И что только он в ней нашел? Верно говорят, седина в бороду, бес в ребро... Ну а потом сделала ему ручкой и упорхнула. Оно и понятно, чего с него уже было взять - гол как сокол... А эта потаскуха, бесстыжие ее глаза, время даром не теряла - мигом окрутила одну высокую персону... - И преисполненная верноподданнических чувств кельнерша благоговейно выдохнула мне в ухо какое-то имя, которого я все равно не разобрал. - Это ж надо, эдакий-то срам на благородное семейство! Понятное дело, высокой персоне пришлось отказаться от всех своих привилегий и под именем кавалера фон Деммериха вдали от двора быть на побегушках у своей ненасытной зазнобы. Так-то вот. И как он потом ни старался, чтоб замять скандал и возвернуть этой «прости господи» доброе имя, а только где уж ему - кого нечистый пометил своей проклятой печатью, того нипочем не наставишь на путь истинный. Я завсегда говорю...
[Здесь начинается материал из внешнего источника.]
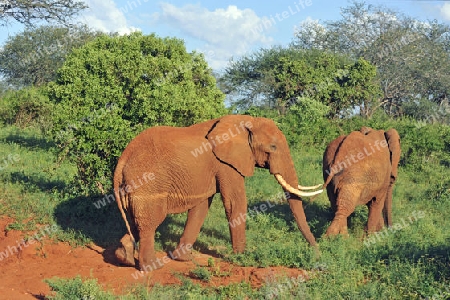 Elefant 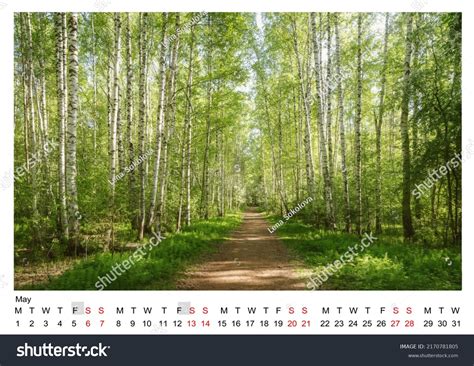 Calendar Grid Numbers By Month 2023 Stock Photo 2170781805 | Shutterstock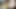 My Muslim aunty blowjob my circumcised dick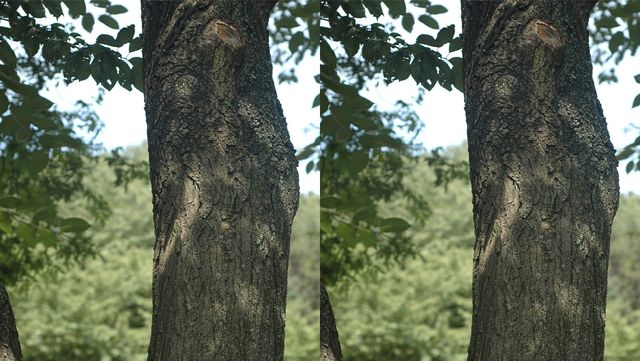 회화나무 자료 사진. / 국립생물자원관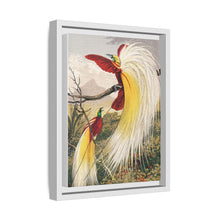 Birds of Paradise: Vintage Natural History Art by Benjamin Fawcett (1808 - 1893)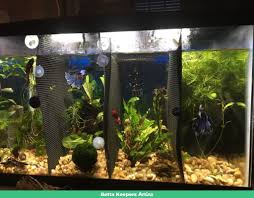 We used a 10 gallon tank for this project. What You Need To Know About Divided Tanks Betta Keepers Amino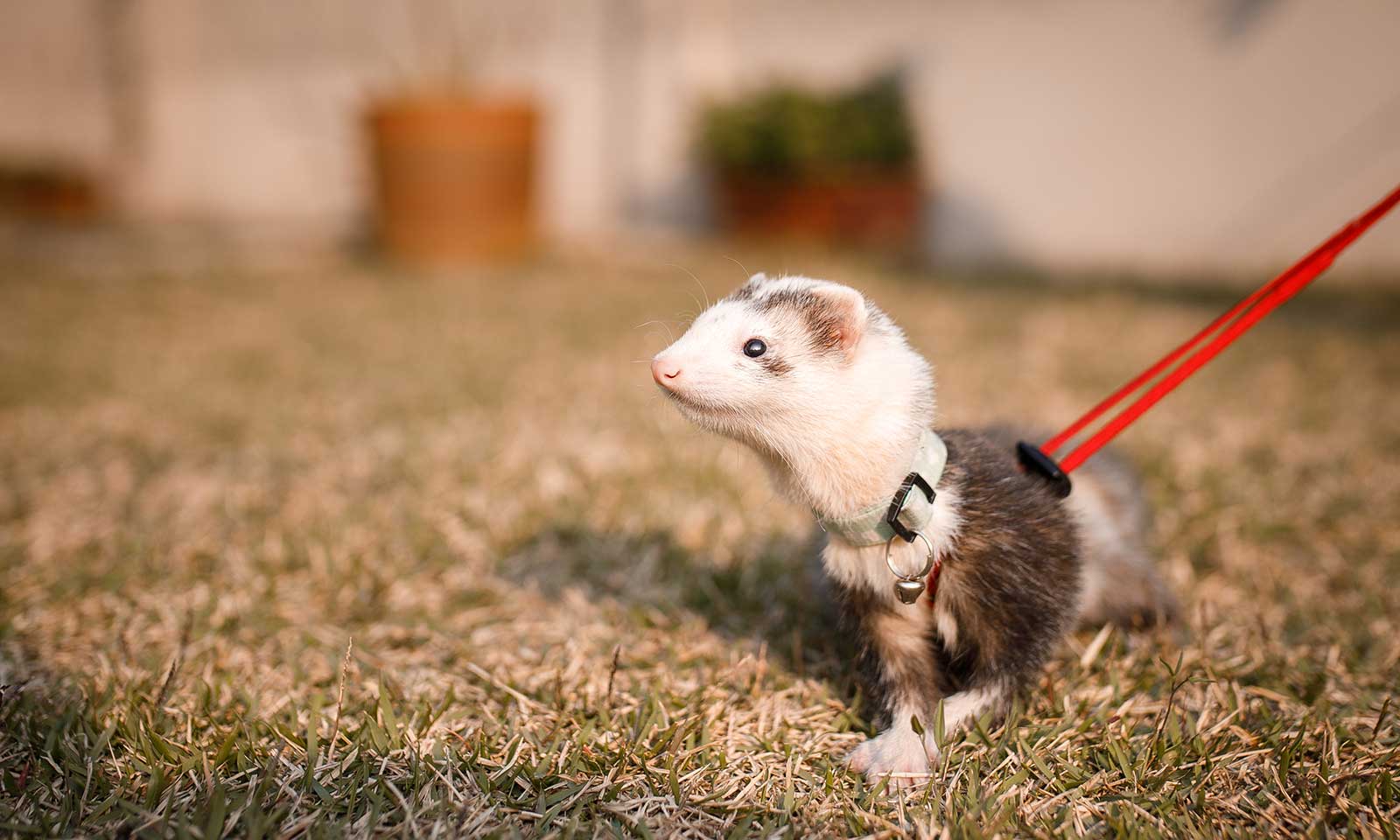 A ferret on a leash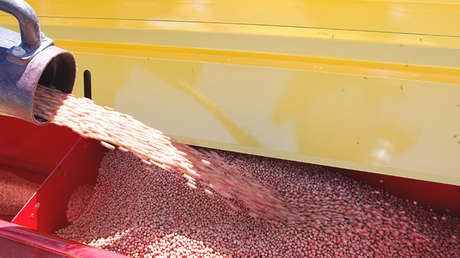 Argentina anuncia una rebaja a los impuestos por exportaciones de soja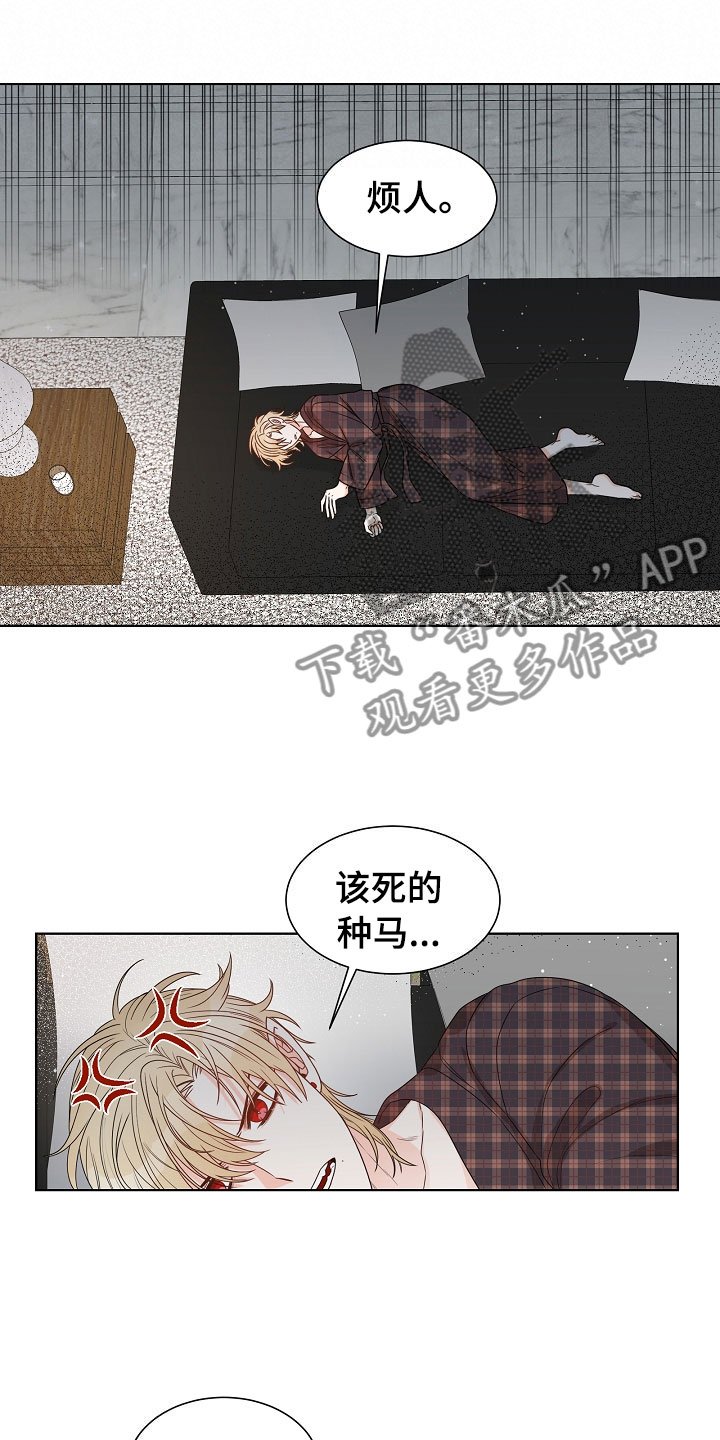 第9章：电影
- Фрицци! Счет! - окликнул кто-то словоохотливую кельнершу с помоста, и ту как ветром сдуло...
Поглядывая по сторонам, я опорожнил свой бокал, и вдруг мой слух царапнул какой-то странный и неприятный звук - он доносился из-за моей спины и был похож на тихий металлический стрекот, казалось, циркал сверчок.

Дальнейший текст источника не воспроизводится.